European Union insurance watchdog will review proposed Solvency II regulations
The European Union’s insurance watchdog has launched a study of proposed capital and risk management rules. Insurers expect the study to show that a major rewriting of life insurance rules will be needed, adding to repeated delays in the introduction of the new regime.
The European Insurance and Occupational Pensions Authority ( EIOPA) does not expect that Solvency II will come into force earlier than 1 January 2016. Germany’s insurance watchdog suggests that a 2017 start may be more realistic. “If these seemingly technical details of the new regime are not correct, the impact on the European insurance industry, its clients and the economy would be severe,” says Olav Jones, deputy director general of Insurance Europe.
Some life insurance companies predict that Solvency II will make their products unviable because of requirements forcing greater capitalisation and products with guaranteed returns to customers.

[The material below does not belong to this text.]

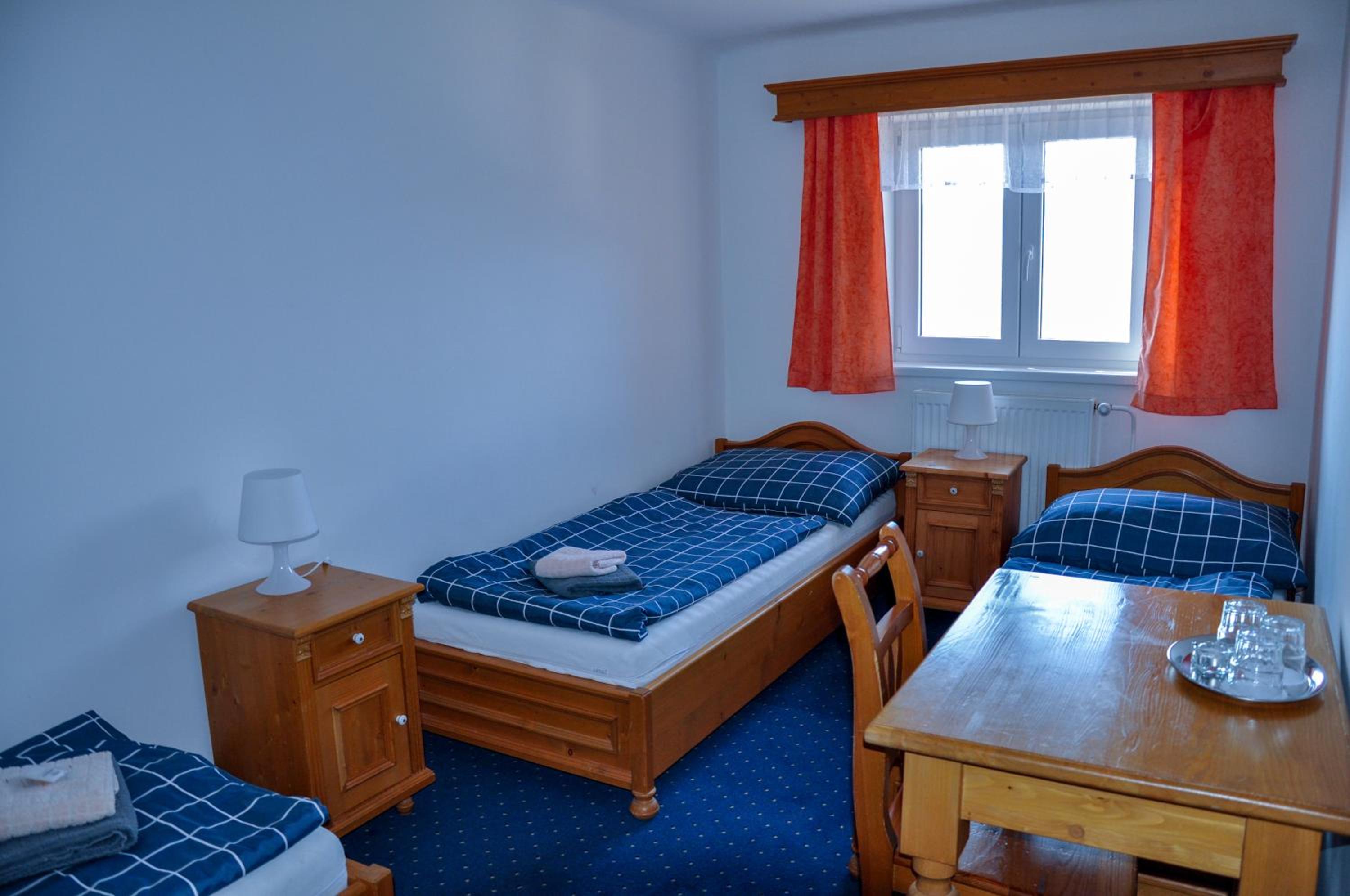 Pension Horalka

European insurers diversify risks to boost returns
European insurers and asset managers are lending to big-ticket infrastructure projects, companies and property developers where banks might no longer be able to, in order to diversify their risk and boost returns.
Europe’s second-largest insurer, AXA, is teaming up with Société Générale to lend to small- to mid-sized companies. “We are reopening some boxes that have been closed since 2008 in the crisis,” says Laurent Clamagirand,
AXA’s chief investment officer. Over time, AXA is likely to boost investments in corporate, infrastructure and other types of debt to between 10 and 20 per cent of its €40 billion ($53.4 billion) of yearly investments from all but zero as recently as five years ago.

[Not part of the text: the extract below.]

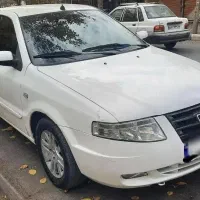 سورن توربو مدل ۹۶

In France, BNP Paribas Investment Partners recently launched its third corporate debt fund for insurers in a year, and in Northern Europe, Swiss Re is to invest $500 million in senior debt issued by northern European infrastructure projects. In the UK, Legal and General’s asset management arm completed a $190 million loan deal last year with student housing specialist Unite Group, while in France.
Europe’s largest insurer Allianz is taking a tentative approach to corporate loans. It has, however increased its presence in areas like commercial real estate where some recent loans are yielding 1.5 to two percentage points more than the equivalent sovereign bonds.